| COLLECTED DATA |
==========

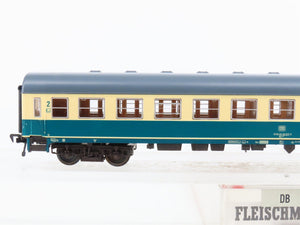 HO Scale Fleischmann 5191 DB Deutsche Bahn Express Coach Passenger #22-90 217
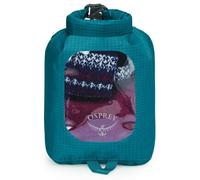 Borsa stagna Osprey Ultralight DrySack Window 3L blu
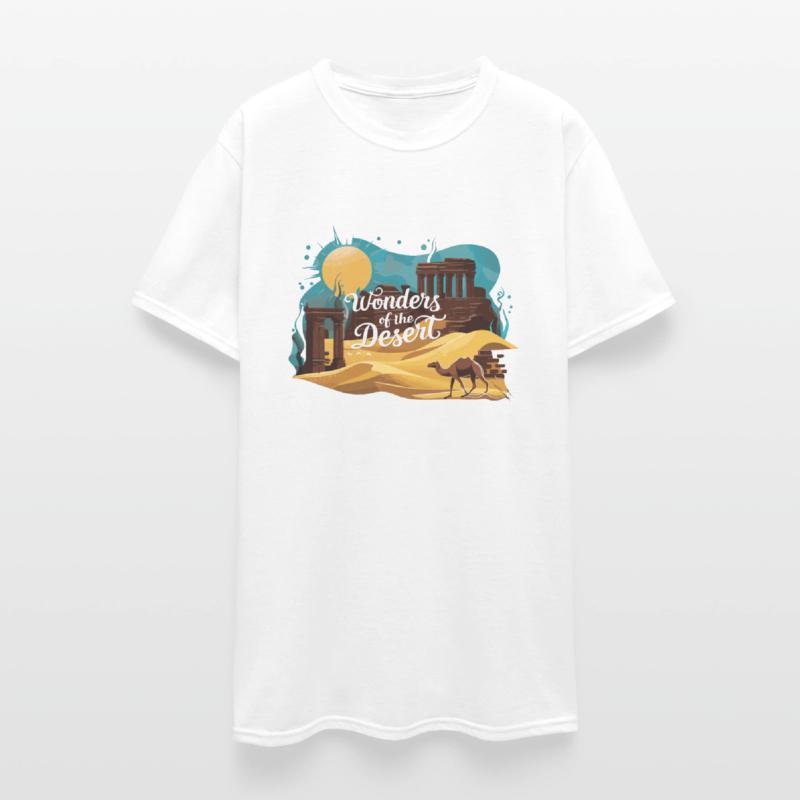 Wonders of the Desert Design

==========

| TASK STATEMENT |
Output the full listing above exactly, excluding all pictures.

| YOUR RESPONSE |
 HO Scale Fleischmann 5191 DB Deutsche Bahn Express Coach Passenger #22-90 217
 Borsa stagna Osprey Ultralight DrySack Window 3L blu
 Wonders of the Desert Design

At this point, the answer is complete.